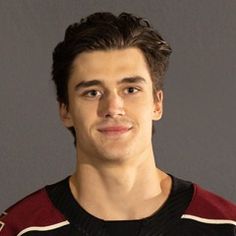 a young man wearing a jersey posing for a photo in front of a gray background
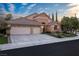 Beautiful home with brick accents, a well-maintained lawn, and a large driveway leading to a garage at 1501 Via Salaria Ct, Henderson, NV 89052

--

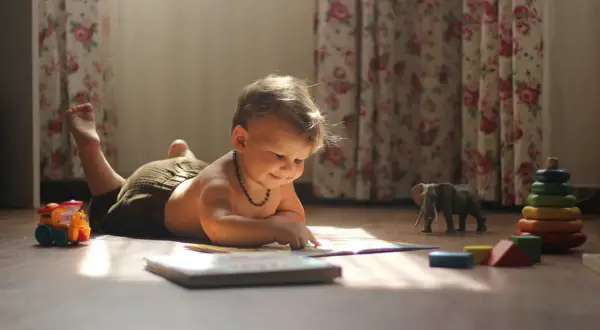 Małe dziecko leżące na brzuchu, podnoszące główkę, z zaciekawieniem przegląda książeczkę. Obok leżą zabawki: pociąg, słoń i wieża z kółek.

--

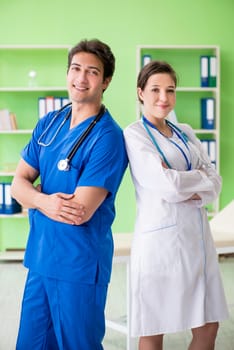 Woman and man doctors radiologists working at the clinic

- **WORK TO COMPLETE**: Reproduce exactly the lines above that run from the one with "a young man" to the one with "Beautiful home with", both included, leaving pictures out.

- **OUTPUT**:
 a young man wearing a jersey posing for a photo in front of a gray background
 Beautiful home with brick accents, a well-maintained lawn, and a large driveway leading to a garage at 1501 Via Salaria Ct, Henderson, NV 89052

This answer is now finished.